The IBOC debate
Dec 1, 2003 12:00 PM
We received lots of letters relating to IBOC over the past month. Here are some of them.
The emperor has no clothes
FM IBOC (HD Radio) has been touted as the future of radio: better audio quality, no multipath, data services promising killer applications. What more could FM broadcasters ask for?
NPR compiled a CD of various music styles and voices with the original cut, an FM sample and then 96kb/s and 64kb/s codecs. The 96kb/s version is the de facto codec for FM. The 64kb/s codec is proposed for NPR’s Tomorrow Radio dual-channel service currently in development.

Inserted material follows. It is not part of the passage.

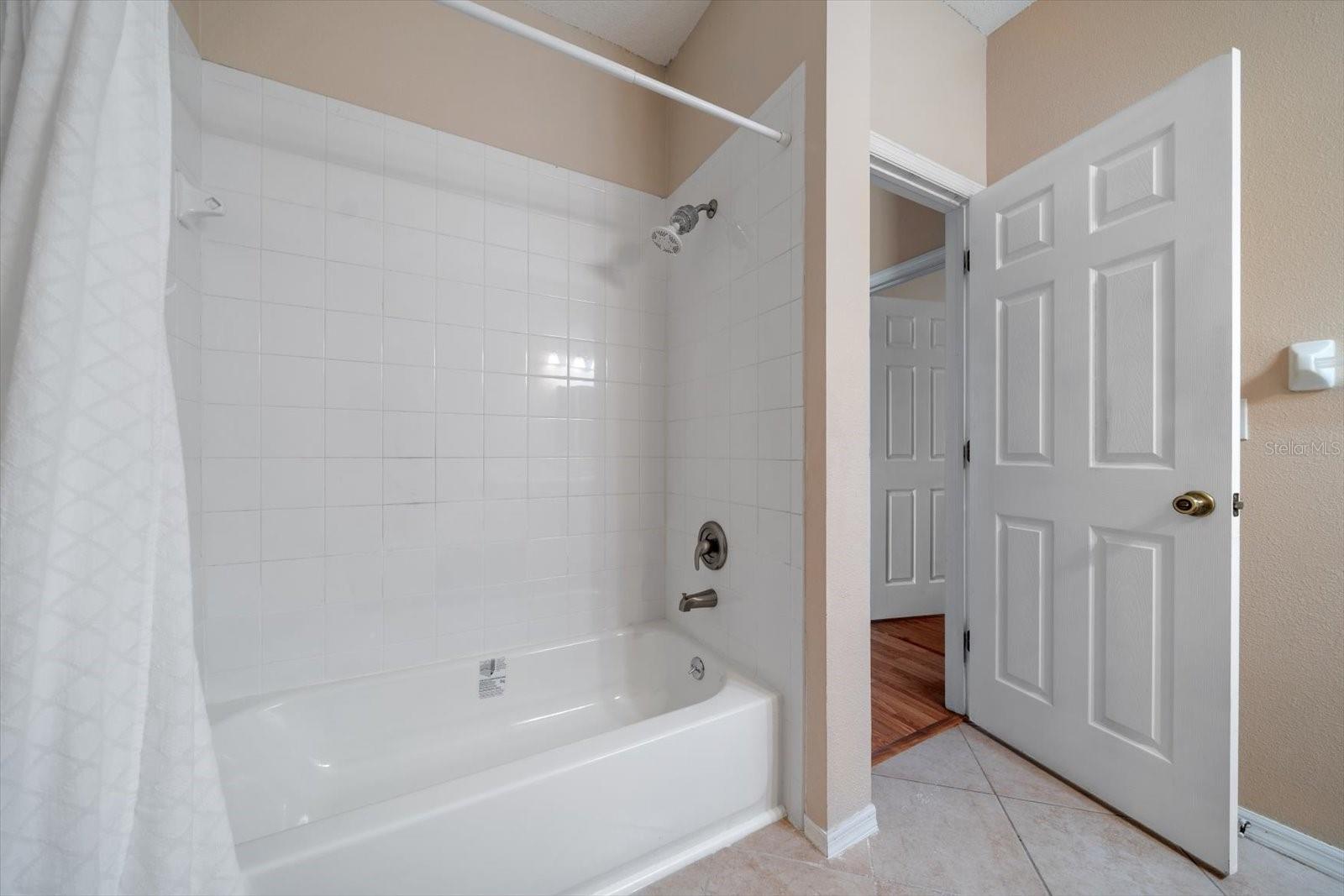 Image 20 of 29 For 6400 46th Avenue N 41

I received this CD and took a listen. After I picked my jaw up off the floor I started posting my observations on the Public Radio e-mail reflector (Pubtech). Radio magazine asked me to digest my comments and write them up. That’s mighty courageous of them.

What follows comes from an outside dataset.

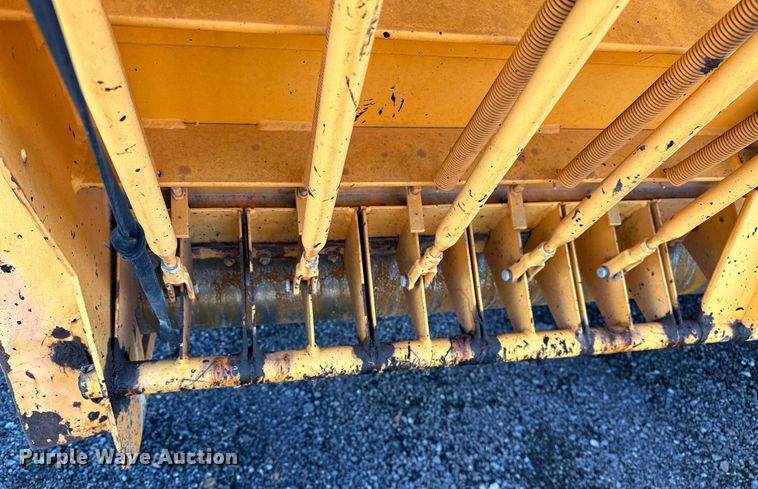 image for item NQ9528 2004 Rosco SPRHH  chip spreader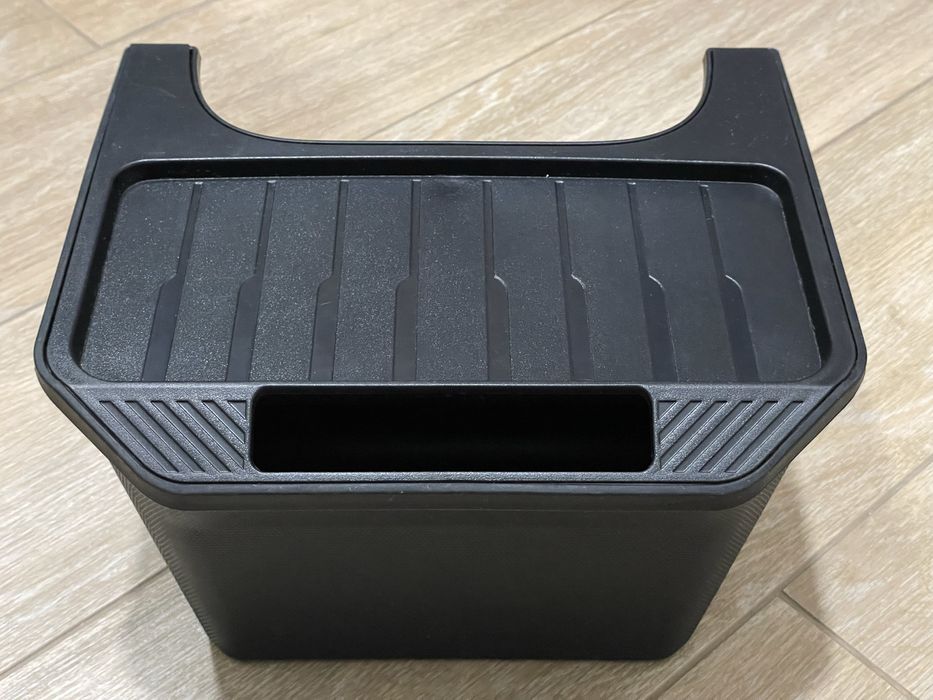 Органайзер Tesla Y (20-24) для другого ряду сидінь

Let’s start with audio quality. It’s my opinion that the current 96kb/s codec is incapable of reproducing even a simple male voice without generating objectionable artifacts. It gets worse with music. On the classical cut the strings were thin and harsh. For those of you who are broadcasting contemporary formats, the codec removes sibilance unnaturally, changes the timber of symbols and makes back up vocals strident. This is not CD-quality by a long shot. In fact, during my listening test I found that our station’s plain old analog signal sounded better than the 96kb/s codec.

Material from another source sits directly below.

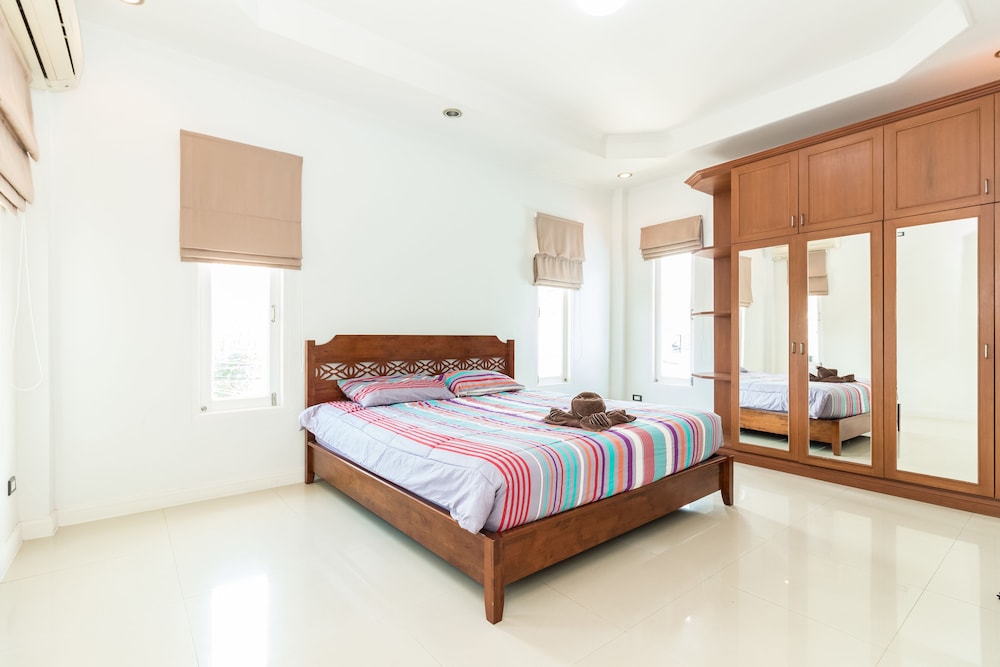 Tewaree Villa - Pattaya Holiday House Walking Street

My comments about these observations resulted in lots of feedback. Lets take it from the top with the comments and my reaction.
Consumers don’t care about audio quality. Really? If this is true why do the auto manufactures offer high-end sound systems as options? I don’t think GM would be offering Delco Bose and Monsoon optional sound systems if consumers weren’t buying them. If we take this argument to its logical conclusion, why would you even bother with HD Radio? If the consumer obviously doesn’t care how it sounds, the existing FM service is just fine.
HD Radio fixes multipath. We can solve 95 percent of multipath problems today with diversity FM radios. Motorola offers OEM chipsets that support this today. My 2002 Cadillac DTS with its optional Delco Bose sound system has a diversity FM radio in it and there is virtually no multipath issue.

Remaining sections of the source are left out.